In vitro radioresponse was evaluated with clonogenic assays with human tumor cells and fibroblast lines in the presence of varying concentrations of DF-1 or vehicle. DNA double strand break induction and repair was evaluated with immunocytochemistry for gammaH2AX. Lethal total body irradiation was delivered with 137Cs after intraperitoneal delivery of DF-1 or vehicle control. Bone marrow hypoxia was evaluated with piminidazole uptake assessed by flow cytometry.

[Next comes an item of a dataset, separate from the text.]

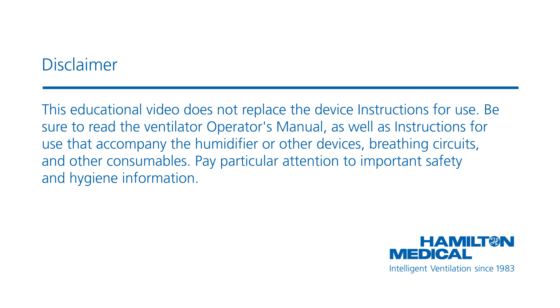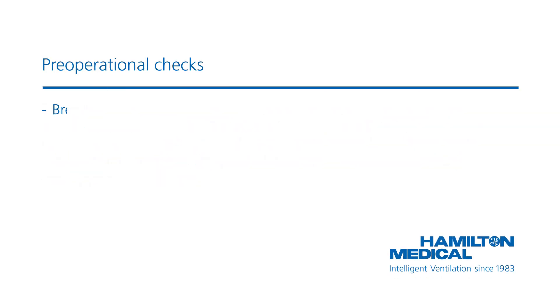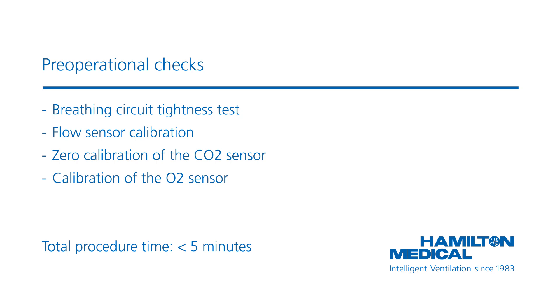Be sure to read the ventilator operator's manual as well as instructions for use that accompany the humidifier or other devices, breathing circuits, and other consumables. Pay particular attention to important safety and hygiene information. Always run the pre-operational checks before connecting a new patient to the ventilator and after connecting a new breathing circuit or any new component. The whole procedure takes approximately 5 minutes.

DF-1 provided modest radioprotection of human cancer cell lines and fibroblast cell lines when delivered prior to irradiation (dose modifying factor or 1.1). There was no evidence of selective protection of fibroblasts versus tumor cells. Cells treated with DF-1 at radioprotective doses were found to have fewer gammaH2AX foci at 1 and 6 hours after irradiation compared to vehicle treated controls. The LD50/30 for C57Bl6/Ncr mice treated with a single 300 mg/kg dose of DF-1 pre-irradiation was 10.09 Gy (95% CI 9.58-10.26) versus 8.29 Gy (95% CI, 8.21-8.32) for control mice. No protective effects were seen with a single 200 mg/kg dose. No increase in pimonidazole uptake was appreciated in bone marrow of mice treated with DF-1 compared to vehicle controls.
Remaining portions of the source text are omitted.